Decisão · TJMG

TJMG 5010035-09.2023.8.13.0480

Rel. Renan Chaves Carreira Machado6ª Câmara Cíveljulgado em 2026-03-17publicado em 2026-03-20
ADMINISTRATIVO
Ementa: DIREITO ADMINISTRATIVO. RECURSO DE APELAÇÃO. SERVIDOR PÚBLICO DE PATOS DE MINAS. ADICIONAL DE PERICULOSIDADE RECONHECIDO ADMINISTRATIVAMENTE. PRETENSÃO DE RETROAÇÃO. IMPOSSIBILIDADE. TERMO INICIAL. DATA DO LAUDO PERICIAL. BASE DE CÁLCULO. PREVISÃO EM LEI MUNICIPAL. INCIDÊNCIA SOBRE O VENCIMENTO BÁSICO. LEGALIDADE. CERCEAMENTO DE DEFESA. NÃO CONFIGURAÇÃO. ADICIONAL NOTURNO E PLANTÕES. DIFERENÇAS. PAGAMENTO A MENOR. ÔNUS DA PROVA. FATO CONSTITUTIVO NÃO DEMONSTRADO. PRESUNÇÃO DE LEGITIMIDADE DOS ATOS ADMINISTRATIVOS. RECURSO NÃO PROVIDO. I. CASO EM EXAME 1. Apelação interposta pelo apelante contra a sentença que julgou improcedente o pedido inicial.
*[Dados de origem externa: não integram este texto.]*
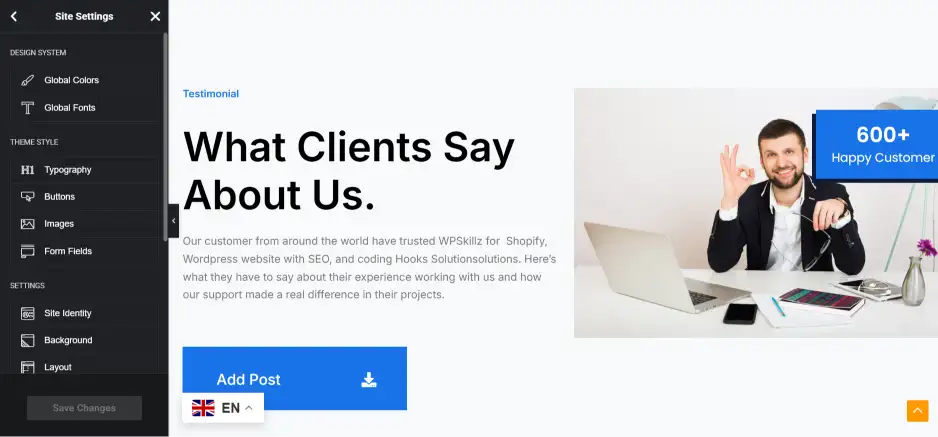 elementor site settings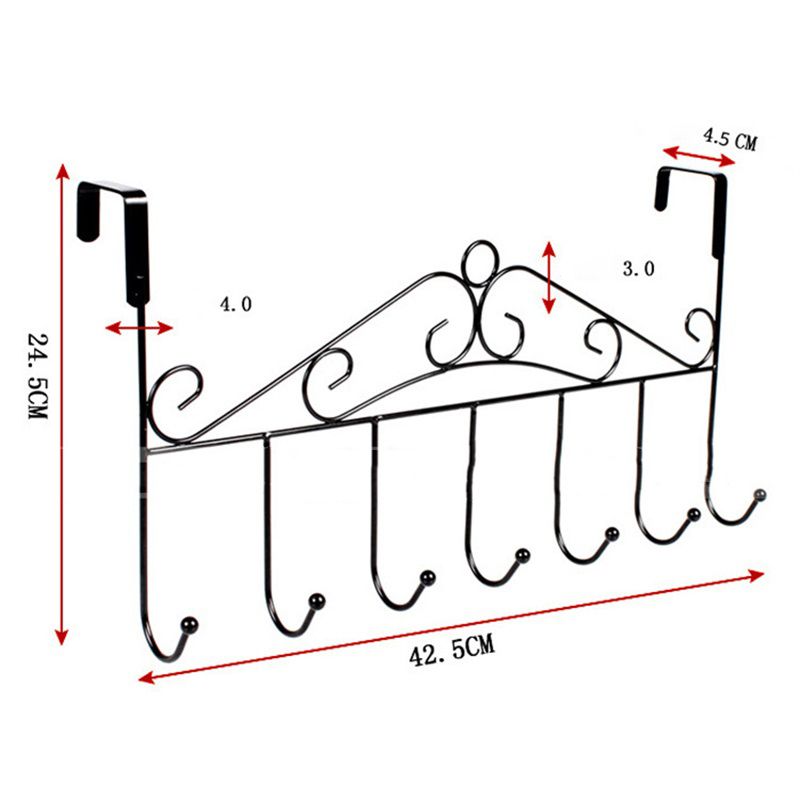Over The Door Hook Rack Detachable 7 Hooks Door Hanger Organizer for Towels view 2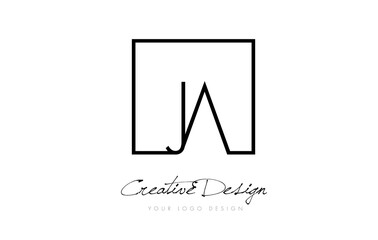 JA Square Frame Letter Logo Design with Black and White Colors.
II. QUESTÃO EM DISCUSSÃO 2. São três questões controvertidas: (i) o direito do autor, servidor público do Município de Patos de Minas, ao recebimento de adicional de periculosidade em período antecedente ao reconhecimento administrativo; (ii) a definição da base de cálculo do adicional de periculosidade; (iii) se os valores pagos a título de adicional noturno e plantões correspondem à jornada efetivamente trabalhada. III. RAZÕES DE DECIDIR 3. O pagamento do adicional de periculosidade ao servidor público depende de laudo técnico que ateste as condições de risco, possuindo natureza constitutiva e efeitos ex nunc, sendo indevido o pagamento retroativo a período anterior à sua elaboração, conforme entendimento consolidado do Superior Tribunal de Justiça. 4. Não há que se falar em cerceamento de defesa pelo indeferimento do pedido de juntada de laudo pericial supostamente produzido em data anterior, quando não há nos autos indícios de sua existência, não se podendo compelir a parte a produzir prova inexistente. 5. Se a legislação municipal específica determina que a base de cálculo do adicional de periculosidade é o vencimento efetivo do servidor, não há ilegalidade no ato administrativo que aplica o percentual sobre essa verba, em observância ao princípio da legalidade. 6. Incumbe ao autor o ônus de provar o fato constitutivo de seu direito, nos termos do art. 373, I, do CPC. A alegação de pagamento a menor do adicional noturno e dos plantões, frente à complexidade dos cálculos e à presunção de legitimidade dos atos administrativos, demanda a produção de prova pericial contábil, não requerida pelo autor. IV. DISPOSITIVO 7. Recurso não provido.